The exhibition focuses on major shifts since the mid-2000s, when changing technology – from mobile phones to increasing internet speeds – transformed how games are designed, discussed and played. Visitors can see a range of fascinating objects that unpick the design process, from rarely-seen sketches and notebooks to storyboards, musical scores and computer code.
Videogames: Design/Play/Disrupt is international in perspective, showcasing blockbuster games from major studios such as The Last of Us as well as prototypes by independent developers such as Jenny Jiao Hsia.
The exhibition celebrates the power of play as a means of creative expression, which will be explored further in the museum’s wide-ranging programme, including a conference, talks, workshops, a games jam and the museum’s next Tay Late evening event.
The new exhibition runs from 20 April to 8 September.
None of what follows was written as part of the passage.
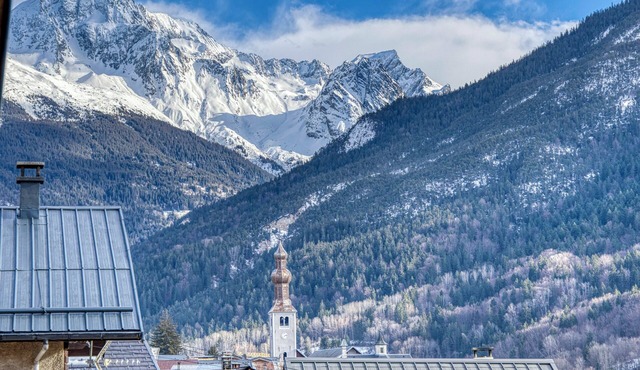 BOZEN apartment, 100m2, in Bozel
Tickets are available atwww.vam.ac.uk/dundee
Philip Long, Director of V&A Dundee, said: “We are delighted to be opening our next major exhibition, Videogames: Design/Play/Disrupt, this weekend. This is a very exciting show for anyone with an interest in art, creativity and design, as well as makers and players of videogames.
“As you walk through this exhibition you get to see how a game is designed, from the earliest sketch right through to the online communities and independent designers that are reshaping the future of gaming.
“At V&A Dundee we want to present the very highest quality exhibitions, and having such wonderful exhibition galleries enables us to create immersive, beautifully designed experiences that are really thrilling for visitors.”
Marie Foulston, lead exhibition curator and V&A Curator of Videogames, said: “It’s hugely exciting to see this new iteration of Videogames: Design/Play/Disrupt open at V&A Dundee this week, in a city which continues to have such a profound impact on videogame design and culture.
“This exhibition opens up the design and culture of contemporary game design and culture in radical new ways. It celebrates groundbreaking work from a period of time that has been defined by a democratisation of both the means to make and to play games.
“Whether you come as a local game designer, a seasoned player, or are simply creatively curious, I hope you leave feeling inspired and with a greater understanding of and appreciation for one of the most fascinating mediums of our time.”
The exhibition includes a major new commission from Glasgow-based illustrator Ursula Kam-Ling Cheng, who has created a colourful and chaotic mural called Girl Evader that is inspired by virtual worlds. Cheng has also incorporated designs by V&A Dundee’s Young People’s Collective and members of the public into a special installation of PVC hangings called Ipseity Invades!
Videogames designed by Abertay University lecturer Niall Moody (Hummingbird) and Abertay graduate Llaura McGee (If Found by Dreamfeel) are showcased in a section focusing on the work of alternative and independent studios all over the world who curate events that celebrate the social side of games. The two new games are housed in bespoke arcade cabinets designed by Edinburgh studio We Throw Switches.
V&A Dundee is also working with We Throw Switches to create a one-off Tay Late event on the evening of Saturday 18 May. The Tay Late will showcase the very latest Scottish and international design creativity with multiplayer party games and unique playable experiences. Earlier the same day V&A Dundee will host its first conference, focusing on videogames and co-curated with Biome Collective.
To accompany the exhibition, the museum has commissioned a new videogame that will soon be available to play on V&A Dundee’s website. Plaything is a joyous and intimate web-based game being created by Will Anderson and Niall Tessier-Lavigne, which will allow you to create a character in your browser, a beautifully hand-crafted creature that grows with you.
Visitors will able to play the game, and find out more about the process of bringing a videogame to life, at a free Family Design Day on Saturday 8 June. The game’s development has been supported by InGAME, a games innovation partnership led by Abertay University.
Dundee has a thriving videogame design community, centred around Abertay University which launched the world’s first degree in Computer Games Technology in the 1990s.
Videogames: Design/Play/Disrupt was curated by Marie Foulston, V&A Curator of Videogames and Kristian Volsing, V&A Research Curator, and shown at V&A South Kensington from 8 September 2018 to 24 February 2019.